Exercise directions: Word for word, please restate the line that contains "Women's Short Sleeve" and all lines after it through the end of the material, minus the pictures.

Provided data:
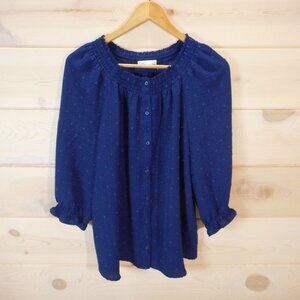 Croft & Barrow Women size M Blouse Smocked Neck Swiss Dot Navy Blue Shirt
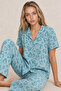 Women's Short Sleeve Patterned Mint Pajama Set 4740 - 4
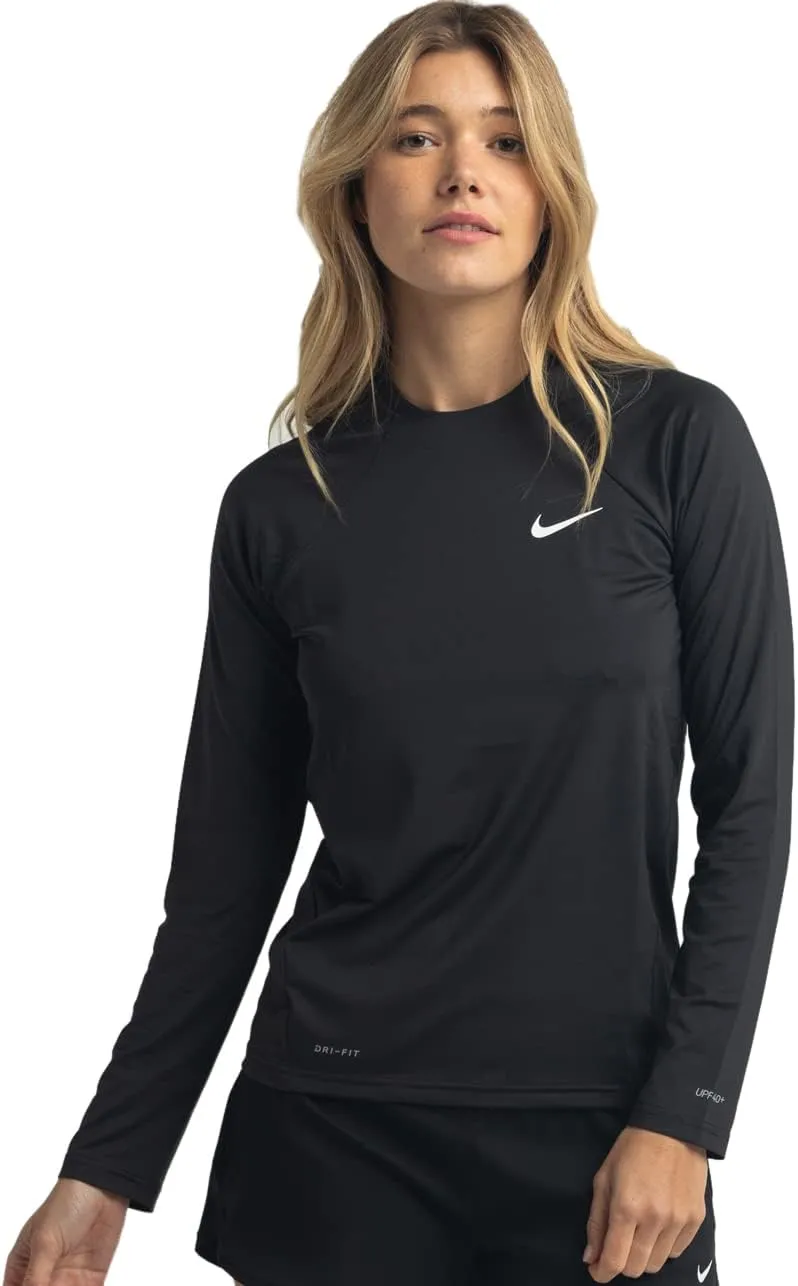 Nike Swim Women's Essential Long Sleeve Hydro Rash Guard Black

Answer area:
 Women's Short Sleeve Patterned Mint Pajama Set 4740 - 4
 Nike Swim Women's Essential Long Sleeve Hydro Rash Guard Black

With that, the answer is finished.